I will be travelling a lot in a few months and was wondering what the best on the go filter coffee equipment is. I am currently drawn towards an aeropress go. Has anyone used one of these before?


----------



## BlackCatCoffee (Apr 11, 2017)

Yes I have used them. It is a slightly smaller aeropress with a cup essentially. If you think the cup will be handy then it is a good option. For me I take a normal aeropress with a small grinder that fits in it so it is a neat little package.


----------



## abelated (Apr 14, 2020)

I like the small plastic hario cone or the munieq tetra drip.

For pouring I got a 500ml silicon measuring cup. It gets hot but works well.

For grinder I have an aergrind. I believe orphan espresso have an ultra light grinder but in my opinion it doesn't save enough weight to be with the price increase over the aergrind. (They also have a silicon pour kettle and filter that I'm intrigued by) Gsi also has a light weight grinder but it might be rubbish.

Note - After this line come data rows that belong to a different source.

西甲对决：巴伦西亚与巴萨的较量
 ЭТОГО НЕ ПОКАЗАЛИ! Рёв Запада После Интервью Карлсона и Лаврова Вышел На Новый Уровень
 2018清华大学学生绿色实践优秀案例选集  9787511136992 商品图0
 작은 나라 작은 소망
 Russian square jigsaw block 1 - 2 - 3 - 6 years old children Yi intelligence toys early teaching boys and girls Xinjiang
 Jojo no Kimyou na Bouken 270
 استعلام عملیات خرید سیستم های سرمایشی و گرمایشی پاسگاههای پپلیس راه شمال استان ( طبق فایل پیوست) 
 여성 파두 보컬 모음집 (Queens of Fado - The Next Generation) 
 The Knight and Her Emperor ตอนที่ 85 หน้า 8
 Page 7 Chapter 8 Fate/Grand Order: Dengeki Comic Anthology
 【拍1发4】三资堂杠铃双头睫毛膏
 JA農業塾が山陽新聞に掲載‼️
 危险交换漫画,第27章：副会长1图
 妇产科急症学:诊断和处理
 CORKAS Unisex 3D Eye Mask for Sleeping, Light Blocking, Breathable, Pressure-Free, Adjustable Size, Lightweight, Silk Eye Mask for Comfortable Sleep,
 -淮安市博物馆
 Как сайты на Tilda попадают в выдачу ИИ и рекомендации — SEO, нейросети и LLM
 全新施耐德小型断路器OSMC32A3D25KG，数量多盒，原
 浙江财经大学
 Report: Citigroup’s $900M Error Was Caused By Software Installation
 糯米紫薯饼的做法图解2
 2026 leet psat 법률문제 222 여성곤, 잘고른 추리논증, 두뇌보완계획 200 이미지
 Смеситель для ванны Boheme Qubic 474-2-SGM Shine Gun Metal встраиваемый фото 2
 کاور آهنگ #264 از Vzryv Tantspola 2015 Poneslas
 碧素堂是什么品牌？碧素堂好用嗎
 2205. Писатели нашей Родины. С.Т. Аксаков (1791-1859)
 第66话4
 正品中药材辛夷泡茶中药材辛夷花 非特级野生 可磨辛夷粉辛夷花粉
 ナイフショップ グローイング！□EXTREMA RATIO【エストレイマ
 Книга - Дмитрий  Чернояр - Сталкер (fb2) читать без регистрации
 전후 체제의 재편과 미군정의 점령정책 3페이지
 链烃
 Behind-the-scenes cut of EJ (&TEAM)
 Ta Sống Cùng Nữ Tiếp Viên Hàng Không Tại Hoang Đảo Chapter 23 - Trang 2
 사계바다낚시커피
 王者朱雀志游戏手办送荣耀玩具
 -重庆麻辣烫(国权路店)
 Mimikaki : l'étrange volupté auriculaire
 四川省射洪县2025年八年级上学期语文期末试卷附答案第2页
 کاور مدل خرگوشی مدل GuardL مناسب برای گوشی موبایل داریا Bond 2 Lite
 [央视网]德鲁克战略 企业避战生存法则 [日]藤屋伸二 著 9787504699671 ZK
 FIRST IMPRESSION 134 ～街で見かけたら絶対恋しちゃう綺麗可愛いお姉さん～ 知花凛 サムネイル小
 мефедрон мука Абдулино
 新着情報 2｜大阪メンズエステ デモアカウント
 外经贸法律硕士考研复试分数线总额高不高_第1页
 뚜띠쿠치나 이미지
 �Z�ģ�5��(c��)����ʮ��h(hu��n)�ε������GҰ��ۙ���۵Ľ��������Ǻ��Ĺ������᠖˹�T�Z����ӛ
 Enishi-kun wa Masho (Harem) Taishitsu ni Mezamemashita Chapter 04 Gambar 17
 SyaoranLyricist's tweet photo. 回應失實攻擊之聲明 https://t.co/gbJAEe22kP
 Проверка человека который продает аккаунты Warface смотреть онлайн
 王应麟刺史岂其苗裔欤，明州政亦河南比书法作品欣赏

For scale you can cheap out and get a jewelers scale but I recommend trying to get something a little larger if you can.

I keep all of the above in a random toiletry case I got free with some thing years ago. Filters etc in a zip lock bag.


----------



## haz_pro (Apr 4, 2013)

I use the aeropress go when camping, and brew into the included cup. It's not the nicest cup in the world but does the job. To heat the water I have a little gas burner on a small 100g gas canister. I don't bother bringing a grinder with me, just grind some up at home and bring with me.


----------



## GCGlasgow (Jul 27, 2014)

Whenever I travel (been a while now) I use the Cafflano Classic. It has grinder included.


----------



## EmmaC (Jan 17, 2021)

Like @haz_pro, when we go camping we use an aeropress and grind some coffee at home beforehand. I have a couple of nice bodum pavina (plastic) cups.


----------



## rogher (Nov 22, 2020)

Another option, especially if interested in steaming milk is a Bellman.

I've messed with one a bit (long time since I last went camping) and can give my experiences if interested.


----------